**** Data supplied

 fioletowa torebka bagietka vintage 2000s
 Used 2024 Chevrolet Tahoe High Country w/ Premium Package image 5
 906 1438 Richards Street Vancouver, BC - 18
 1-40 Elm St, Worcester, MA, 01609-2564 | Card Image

********
**** Data supplied

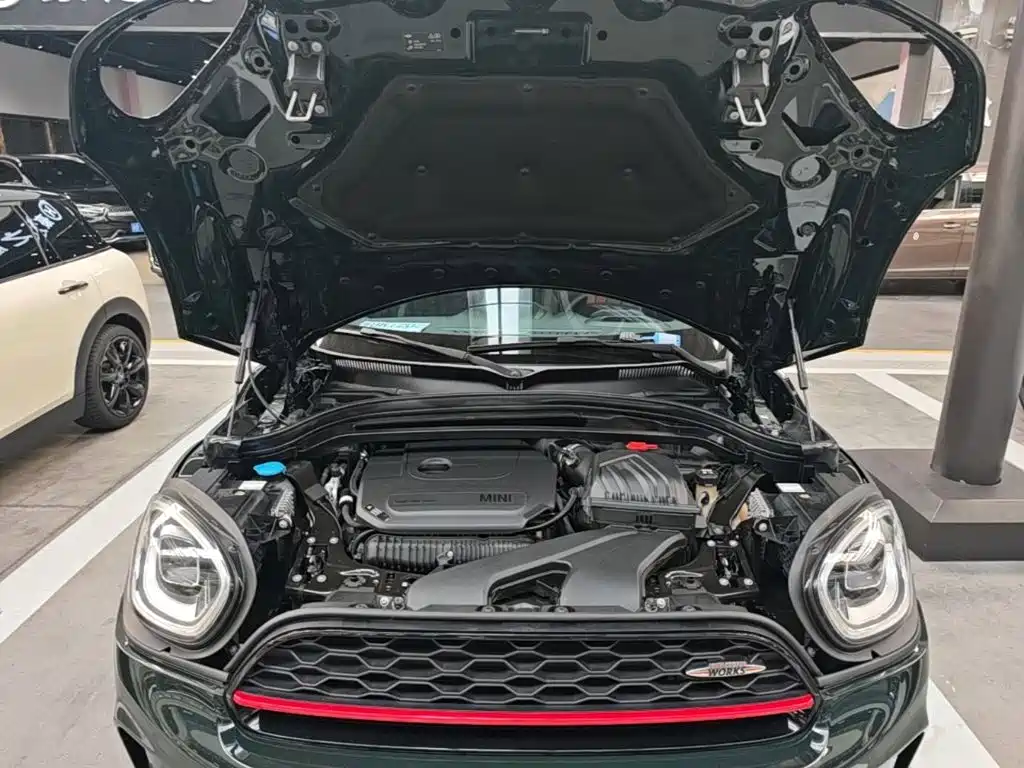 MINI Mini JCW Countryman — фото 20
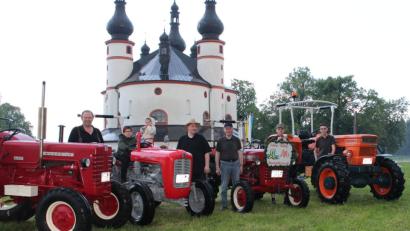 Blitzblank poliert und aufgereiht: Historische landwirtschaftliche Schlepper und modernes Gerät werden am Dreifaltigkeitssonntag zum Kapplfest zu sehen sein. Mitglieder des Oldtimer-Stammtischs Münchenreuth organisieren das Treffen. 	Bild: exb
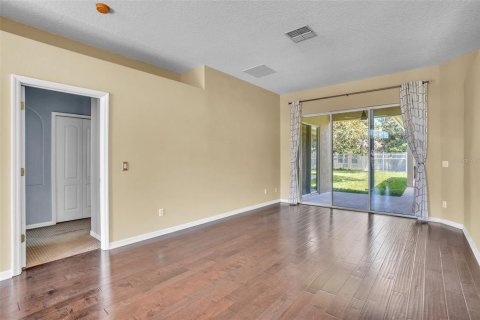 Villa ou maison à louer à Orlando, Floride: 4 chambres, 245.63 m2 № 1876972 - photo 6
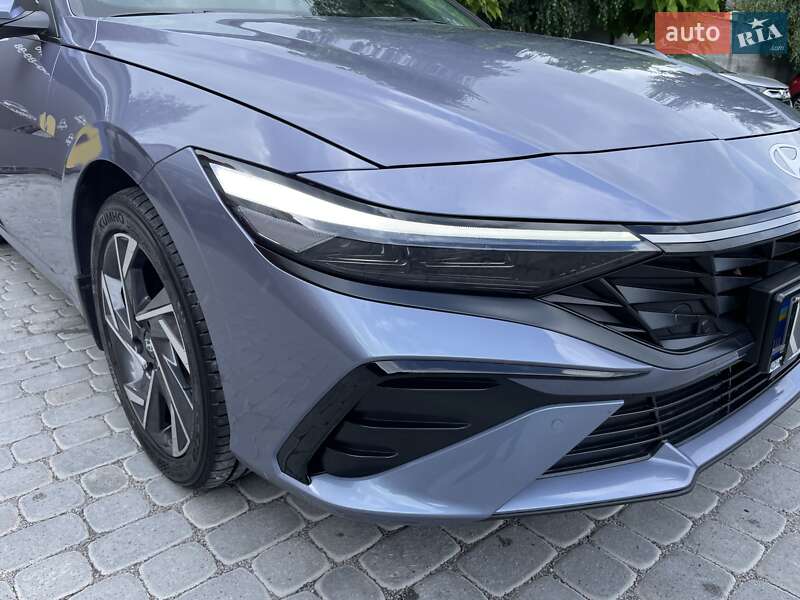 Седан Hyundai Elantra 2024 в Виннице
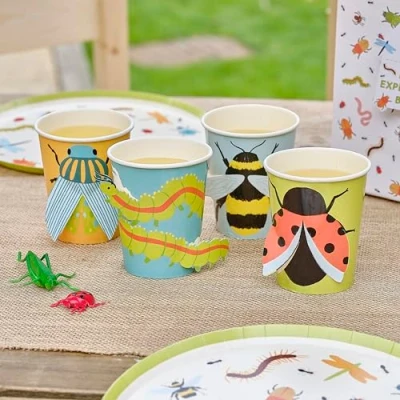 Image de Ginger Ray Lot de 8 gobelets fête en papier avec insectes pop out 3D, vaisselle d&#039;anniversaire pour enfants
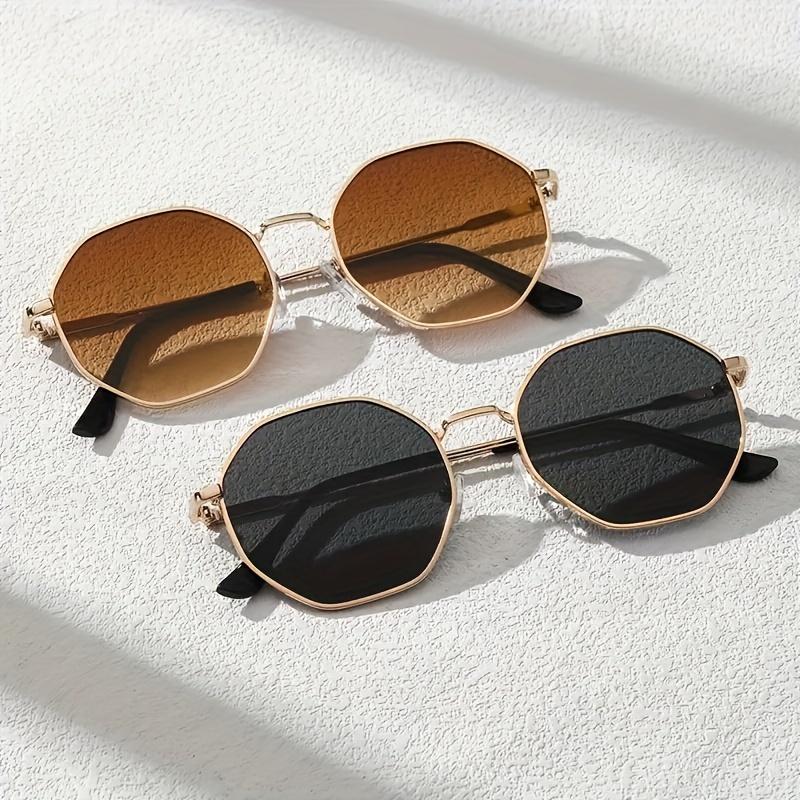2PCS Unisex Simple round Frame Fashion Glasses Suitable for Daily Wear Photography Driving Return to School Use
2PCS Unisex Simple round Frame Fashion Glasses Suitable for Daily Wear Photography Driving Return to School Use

********
**** Data supplied

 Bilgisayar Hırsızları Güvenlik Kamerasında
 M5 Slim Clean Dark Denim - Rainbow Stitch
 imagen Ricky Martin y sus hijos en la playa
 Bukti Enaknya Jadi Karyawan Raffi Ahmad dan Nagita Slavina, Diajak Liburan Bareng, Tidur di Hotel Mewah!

********

» **Task item**
From the material above, set down exactly the lines starting at the one with "fioletowa torebka bagietka vintage 2000s" and ending at the one with "1-40 Elm St, Worcester, MA, 01609-2564", end lines included.

» **Solution**
 fioletowa torebka bagietka vintage 2000s
 Used 2024 Chevrolet Tahoe High Country w/ Premium Package image 5
 906 1438 Richards Street Vancouver, BC - 18
 1-40 Elm St, Worcester, MA, 01609-2564 | Card Image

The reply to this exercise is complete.